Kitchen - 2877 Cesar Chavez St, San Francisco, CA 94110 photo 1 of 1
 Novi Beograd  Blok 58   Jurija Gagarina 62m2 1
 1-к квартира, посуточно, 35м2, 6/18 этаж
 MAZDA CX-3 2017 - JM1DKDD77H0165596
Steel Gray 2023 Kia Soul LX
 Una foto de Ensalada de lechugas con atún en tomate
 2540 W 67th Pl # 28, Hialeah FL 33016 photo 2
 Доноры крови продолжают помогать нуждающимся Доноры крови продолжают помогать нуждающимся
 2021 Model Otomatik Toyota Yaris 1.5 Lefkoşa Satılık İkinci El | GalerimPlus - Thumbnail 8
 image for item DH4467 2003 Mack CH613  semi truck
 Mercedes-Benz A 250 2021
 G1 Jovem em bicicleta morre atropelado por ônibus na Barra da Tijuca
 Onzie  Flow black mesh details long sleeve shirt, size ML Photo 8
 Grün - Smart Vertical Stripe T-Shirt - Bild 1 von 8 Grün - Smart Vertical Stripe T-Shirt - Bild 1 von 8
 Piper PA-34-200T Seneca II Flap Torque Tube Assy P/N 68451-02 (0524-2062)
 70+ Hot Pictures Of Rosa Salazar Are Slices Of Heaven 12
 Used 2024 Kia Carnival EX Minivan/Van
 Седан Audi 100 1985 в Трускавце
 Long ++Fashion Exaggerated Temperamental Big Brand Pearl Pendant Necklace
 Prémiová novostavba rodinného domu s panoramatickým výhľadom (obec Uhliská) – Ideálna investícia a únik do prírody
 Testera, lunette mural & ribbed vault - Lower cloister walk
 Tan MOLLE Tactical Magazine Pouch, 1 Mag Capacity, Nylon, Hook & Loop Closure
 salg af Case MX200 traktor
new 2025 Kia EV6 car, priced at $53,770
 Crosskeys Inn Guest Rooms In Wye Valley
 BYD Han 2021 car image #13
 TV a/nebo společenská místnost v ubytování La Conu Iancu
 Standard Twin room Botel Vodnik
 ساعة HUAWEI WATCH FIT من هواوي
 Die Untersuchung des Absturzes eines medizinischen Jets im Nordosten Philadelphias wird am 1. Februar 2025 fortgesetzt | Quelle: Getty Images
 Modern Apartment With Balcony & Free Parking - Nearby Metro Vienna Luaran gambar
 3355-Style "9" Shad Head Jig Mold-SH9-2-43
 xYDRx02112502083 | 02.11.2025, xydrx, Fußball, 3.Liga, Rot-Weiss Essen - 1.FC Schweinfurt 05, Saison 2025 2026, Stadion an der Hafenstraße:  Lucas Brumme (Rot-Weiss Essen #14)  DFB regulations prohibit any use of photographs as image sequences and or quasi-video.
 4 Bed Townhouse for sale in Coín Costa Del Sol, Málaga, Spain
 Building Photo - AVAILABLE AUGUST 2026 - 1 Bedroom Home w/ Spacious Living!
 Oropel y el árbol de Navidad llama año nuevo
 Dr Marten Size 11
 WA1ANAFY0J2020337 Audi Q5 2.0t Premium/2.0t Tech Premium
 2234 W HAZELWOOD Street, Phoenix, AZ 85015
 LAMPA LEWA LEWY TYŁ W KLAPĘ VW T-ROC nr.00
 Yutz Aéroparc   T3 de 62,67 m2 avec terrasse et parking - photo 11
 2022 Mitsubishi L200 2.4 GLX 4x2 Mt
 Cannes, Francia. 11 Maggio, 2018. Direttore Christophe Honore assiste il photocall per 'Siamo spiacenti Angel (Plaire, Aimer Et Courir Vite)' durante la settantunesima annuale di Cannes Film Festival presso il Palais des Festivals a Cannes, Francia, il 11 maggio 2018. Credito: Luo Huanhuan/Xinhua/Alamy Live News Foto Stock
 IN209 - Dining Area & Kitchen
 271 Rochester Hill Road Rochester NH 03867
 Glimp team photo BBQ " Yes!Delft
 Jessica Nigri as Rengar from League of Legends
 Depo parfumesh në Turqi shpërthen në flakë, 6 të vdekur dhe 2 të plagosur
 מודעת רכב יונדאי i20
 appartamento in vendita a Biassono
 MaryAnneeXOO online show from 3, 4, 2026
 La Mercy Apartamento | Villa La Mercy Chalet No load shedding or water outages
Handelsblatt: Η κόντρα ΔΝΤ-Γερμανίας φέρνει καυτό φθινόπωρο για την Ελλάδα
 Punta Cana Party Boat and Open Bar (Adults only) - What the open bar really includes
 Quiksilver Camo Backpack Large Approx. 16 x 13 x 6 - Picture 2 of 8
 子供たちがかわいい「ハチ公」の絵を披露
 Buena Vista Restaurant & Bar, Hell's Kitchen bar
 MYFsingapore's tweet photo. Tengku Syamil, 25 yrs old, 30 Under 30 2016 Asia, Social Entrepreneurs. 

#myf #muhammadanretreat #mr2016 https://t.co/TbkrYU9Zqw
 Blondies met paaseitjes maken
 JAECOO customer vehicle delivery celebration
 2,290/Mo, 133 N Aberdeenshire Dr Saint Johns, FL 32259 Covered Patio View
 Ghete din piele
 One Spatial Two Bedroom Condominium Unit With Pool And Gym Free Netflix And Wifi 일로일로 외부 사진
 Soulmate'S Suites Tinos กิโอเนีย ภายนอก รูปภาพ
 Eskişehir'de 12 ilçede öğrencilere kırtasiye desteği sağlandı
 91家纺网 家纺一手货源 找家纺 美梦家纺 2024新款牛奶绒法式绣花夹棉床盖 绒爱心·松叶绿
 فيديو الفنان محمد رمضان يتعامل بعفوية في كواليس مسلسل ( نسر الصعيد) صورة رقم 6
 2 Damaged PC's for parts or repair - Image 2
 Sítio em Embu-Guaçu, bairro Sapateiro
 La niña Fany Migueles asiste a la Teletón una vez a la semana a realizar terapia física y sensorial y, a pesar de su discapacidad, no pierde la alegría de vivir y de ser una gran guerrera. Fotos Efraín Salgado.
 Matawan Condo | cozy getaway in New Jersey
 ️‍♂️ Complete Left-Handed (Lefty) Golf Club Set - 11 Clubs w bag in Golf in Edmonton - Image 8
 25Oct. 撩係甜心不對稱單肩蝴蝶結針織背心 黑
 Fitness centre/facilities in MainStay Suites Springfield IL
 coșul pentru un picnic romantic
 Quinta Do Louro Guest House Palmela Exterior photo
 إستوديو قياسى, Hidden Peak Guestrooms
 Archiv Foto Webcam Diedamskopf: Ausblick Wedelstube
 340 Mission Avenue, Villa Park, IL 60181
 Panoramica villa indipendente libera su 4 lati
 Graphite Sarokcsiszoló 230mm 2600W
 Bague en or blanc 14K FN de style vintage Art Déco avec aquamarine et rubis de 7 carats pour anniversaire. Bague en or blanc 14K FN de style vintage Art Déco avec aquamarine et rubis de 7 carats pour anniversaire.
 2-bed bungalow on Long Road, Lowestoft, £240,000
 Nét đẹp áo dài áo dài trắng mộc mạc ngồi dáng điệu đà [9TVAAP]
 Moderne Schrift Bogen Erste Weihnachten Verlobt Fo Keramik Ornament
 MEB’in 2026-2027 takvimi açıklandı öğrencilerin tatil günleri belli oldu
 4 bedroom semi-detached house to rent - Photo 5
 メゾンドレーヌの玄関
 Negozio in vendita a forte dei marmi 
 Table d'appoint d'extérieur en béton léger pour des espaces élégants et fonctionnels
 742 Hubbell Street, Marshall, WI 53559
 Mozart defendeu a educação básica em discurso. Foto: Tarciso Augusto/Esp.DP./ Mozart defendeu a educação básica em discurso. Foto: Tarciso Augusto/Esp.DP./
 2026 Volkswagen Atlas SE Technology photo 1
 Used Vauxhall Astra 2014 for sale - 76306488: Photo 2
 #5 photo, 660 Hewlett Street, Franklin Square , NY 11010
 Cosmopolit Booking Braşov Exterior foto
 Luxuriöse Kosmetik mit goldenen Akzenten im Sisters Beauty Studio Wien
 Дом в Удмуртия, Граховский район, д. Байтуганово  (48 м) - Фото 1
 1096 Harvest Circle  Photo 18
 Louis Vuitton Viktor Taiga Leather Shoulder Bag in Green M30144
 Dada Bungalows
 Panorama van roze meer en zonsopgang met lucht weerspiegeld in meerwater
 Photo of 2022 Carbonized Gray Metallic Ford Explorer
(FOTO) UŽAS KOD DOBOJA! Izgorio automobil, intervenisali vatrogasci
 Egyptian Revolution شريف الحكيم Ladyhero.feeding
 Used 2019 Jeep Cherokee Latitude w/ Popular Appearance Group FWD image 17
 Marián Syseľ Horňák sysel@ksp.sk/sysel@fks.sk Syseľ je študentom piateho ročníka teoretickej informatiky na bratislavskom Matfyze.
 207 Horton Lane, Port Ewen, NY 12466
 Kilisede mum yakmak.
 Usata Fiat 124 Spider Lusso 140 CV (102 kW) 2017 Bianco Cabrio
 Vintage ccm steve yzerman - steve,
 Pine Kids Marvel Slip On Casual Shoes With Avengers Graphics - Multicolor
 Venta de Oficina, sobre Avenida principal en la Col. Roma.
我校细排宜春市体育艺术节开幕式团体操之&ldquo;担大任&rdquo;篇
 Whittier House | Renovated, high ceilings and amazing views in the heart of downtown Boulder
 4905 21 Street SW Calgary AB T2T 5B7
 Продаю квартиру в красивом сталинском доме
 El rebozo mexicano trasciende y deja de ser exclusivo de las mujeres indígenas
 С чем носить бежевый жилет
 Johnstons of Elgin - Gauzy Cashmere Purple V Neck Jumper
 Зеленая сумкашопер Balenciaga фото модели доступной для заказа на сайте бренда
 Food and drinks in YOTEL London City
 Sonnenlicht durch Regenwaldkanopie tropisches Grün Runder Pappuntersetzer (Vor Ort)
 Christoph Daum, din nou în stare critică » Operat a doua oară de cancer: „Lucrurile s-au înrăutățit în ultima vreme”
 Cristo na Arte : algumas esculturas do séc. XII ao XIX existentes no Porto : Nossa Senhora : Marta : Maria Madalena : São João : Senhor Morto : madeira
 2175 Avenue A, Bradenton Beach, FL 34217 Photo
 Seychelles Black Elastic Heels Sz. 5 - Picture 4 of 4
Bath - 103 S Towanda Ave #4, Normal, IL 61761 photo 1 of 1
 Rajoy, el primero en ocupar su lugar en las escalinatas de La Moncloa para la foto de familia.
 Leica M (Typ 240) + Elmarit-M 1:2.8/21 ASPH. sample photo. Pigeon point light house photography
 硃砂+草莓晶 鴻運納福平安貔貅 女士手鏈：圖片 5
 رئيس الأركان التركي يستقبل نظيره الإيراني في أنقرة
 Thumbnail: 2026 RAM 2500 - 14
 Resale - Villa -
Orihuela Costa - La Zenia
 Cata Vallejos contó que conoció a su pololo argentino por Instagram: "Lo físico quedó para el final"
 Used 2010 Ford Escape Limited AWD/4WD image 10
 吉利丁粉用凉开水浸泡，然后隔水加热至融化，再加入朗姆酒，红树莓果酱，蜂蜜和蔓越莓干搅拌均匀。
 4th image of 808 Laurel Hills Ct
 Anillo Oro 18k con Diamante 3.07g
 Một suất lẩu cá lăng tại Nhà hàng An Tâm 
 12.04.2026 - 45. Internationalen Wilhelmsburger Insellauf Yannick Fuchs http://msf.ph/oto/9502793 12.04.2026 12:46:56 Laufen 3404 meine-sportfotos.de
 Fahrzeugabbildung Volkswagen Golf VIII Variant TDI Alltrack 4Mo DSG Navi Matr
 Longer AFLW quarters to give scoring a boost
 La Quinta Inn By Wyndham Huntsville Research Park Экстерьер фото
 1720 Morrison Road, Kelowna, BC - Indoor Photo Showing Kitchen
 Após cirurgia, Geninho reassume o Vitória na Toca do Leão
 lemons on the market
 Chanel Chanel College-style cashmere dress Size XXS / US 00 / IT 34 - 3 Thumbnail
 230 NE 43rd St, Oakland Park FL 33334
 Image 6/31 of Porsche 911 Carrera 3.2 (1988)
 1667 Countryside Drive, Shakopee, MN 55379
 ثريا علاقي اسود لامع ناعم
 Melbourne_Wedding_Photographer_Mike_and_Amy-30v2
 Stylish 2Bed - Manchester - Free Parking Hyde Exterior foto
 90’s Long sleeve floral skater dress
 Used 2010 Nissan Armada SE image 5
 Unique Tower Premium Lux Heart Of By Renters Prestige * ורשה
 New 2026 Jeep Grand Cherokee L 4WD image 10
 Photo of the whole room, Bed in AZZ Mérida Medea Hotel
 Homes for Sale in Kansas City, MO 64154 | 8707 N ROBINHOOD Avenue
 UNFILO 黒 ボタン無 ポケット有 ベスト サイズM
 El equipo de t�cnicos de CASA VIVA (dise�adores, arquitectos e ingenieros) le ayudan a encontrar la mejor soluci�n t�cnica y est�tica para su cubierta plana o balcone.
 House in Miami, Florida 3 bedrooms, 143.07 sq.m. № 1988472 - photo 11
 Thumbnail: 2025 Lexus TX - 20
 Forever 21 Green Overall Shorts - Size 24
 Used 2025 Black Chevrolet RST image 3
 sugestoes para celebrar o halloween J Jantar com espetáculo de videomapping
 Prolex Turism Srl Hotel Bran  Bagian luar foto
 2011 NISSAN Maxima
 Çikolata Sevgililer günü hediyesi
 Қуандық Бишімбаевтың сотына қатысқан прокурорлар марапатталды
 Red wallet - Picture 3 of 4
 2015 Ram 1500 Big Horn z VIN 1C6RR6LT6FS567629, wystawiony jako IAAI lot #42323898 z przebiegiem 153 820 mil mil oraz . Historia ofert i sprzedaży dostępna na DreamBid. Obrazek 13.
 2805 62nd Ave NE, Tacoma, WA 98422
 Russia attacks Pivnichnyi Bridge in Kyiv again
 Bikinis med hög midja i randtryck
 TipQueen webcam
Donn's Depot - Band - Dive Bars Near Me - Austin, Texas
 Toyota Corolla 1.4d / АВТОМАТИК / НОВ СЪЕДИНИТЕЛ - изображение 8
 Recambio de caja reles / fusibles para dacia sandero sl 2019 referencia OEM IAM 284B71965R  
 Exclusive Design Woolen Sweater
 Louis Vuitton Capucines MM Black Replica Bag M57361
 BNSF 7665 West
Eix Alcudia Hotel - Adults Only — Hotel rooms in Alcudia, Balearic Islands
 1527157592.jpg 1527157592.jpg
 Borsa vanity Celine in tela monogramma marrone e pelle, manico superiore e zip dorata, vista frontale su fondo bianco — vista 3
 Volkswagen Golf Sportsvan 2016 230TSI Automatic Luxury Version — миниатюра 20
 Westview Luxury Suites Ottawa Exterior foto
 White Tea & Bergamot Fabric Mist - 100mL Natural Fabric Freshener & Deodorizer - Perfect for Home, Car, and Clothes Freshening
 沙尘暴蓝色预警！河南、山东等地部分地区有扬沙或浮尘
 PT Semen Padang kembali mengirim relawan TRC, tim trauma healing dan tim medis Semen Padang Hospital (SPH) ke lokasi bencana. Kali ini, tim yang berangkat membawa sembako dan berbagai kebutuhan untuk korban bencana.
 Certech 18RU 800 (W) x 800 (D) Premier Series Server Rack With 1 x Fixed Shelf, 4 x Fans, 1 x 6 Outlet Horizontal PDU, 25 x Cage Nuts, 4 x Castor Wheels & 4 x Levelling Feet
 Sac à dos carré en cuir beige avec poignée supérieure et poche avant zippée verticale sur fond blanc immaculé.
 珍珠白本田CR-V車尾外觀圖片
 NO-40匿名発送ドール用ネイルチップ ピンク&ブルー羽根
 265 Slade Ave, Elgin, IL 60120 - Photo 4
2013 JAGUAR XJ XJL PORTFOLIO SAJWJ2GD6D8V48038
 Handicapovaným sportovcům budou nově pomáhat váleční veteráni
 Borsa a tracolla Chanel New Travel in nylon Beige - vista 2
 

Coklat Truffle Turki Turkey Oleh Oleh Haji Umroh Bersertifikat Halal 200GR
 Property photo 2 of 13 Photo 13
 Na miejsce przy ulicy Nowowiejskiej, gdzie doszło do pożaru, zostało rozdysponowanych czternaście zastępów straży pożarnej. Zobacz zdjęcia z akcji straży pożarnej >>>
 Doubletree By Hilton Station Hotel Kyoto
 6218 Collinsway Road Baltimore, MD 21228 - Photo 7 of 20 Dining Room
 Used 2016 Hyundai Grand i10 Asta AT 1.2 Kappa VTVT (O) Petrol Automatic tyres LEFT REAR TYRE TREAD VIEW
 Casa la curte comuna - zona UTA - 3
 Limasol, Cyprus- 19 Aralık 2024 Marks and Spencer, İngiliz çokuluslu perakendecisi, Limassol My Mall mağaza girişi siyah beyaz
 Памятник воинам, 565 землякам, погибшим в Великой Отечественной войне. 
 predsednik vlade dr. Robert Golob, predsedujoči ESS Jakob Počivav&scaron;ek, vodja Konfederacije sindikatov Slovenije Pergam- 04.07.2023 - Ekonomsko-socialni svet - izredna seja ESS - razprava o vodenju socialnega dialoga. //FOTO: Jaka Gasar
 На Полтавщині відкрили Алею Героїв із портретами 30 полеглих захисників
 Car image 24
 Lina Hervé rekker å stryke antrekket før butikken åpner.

WHAT THE TASK ASKS: What is the number of lines above that hold the word "para"? Answer with that number alone.

ANSWER FOR THIS EXERCISE: 5